I host and edit a podcast1. When recording remotely, we each record our own audio locally (I on my end, my co-host on his). The service we use (Adobe Podcast, Zoom, Skype-RIP) captures everyone together as a master track. But the quality doesn’t match what each person records locally with their own microphone. So we use that master as a reference point and stitch the individual local tracks together.

This is what the industry calls a “double-ender”. Add a guest and it becomes a “triple-ender”.

But this gets hairy during editing. Each person starts their recording at a slightly different moment — everyone hits record at a different time.

Before I can edit, I need to line everything up. Drop all the tracks into a DAW, play the master alongside each individual track, nudge by ear until the speech aligns. Add a guest and it gets tedious fast. 10–15 minutes of fiddly, ear-straining alignment before I’ve even started editing.

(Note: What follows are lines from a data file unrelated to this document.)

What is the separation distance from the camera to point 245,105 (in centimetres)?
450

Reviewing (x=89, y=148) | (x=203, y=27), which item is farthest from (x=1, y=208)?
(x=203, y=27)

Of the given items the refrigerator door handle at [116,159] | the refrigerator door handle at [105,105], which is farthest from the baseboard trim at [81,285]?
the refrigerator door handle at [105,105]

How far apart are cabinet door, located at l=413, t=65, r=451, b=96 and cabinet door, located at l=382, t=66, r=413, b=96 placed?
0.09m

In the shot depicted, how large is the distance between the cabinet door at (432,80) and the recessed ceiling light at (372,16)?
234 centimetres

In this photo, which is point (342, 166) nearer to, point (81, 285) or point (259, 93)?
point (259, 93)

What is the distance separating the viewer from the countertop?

There’s also drift. Each machine’s audio clock runs at a slightly different rate, so two tracks that are perfectly aligned at minute one might be 200ms apart by minute sixty.

So I built PodSync2.

I’ve wanted this since 2019 #

I first heard of a similar technique from Marco Arment — back in ATP episode 25. He had a new app for aligning double-ender tracks and was already thinking about whether something so niche was even worth releasing publicly. I don’t think he ever released it.

Being a Kotlin developer at the time, I figured I’d build my own. Java was mature. Surely there were audio processing libraries that could handle this.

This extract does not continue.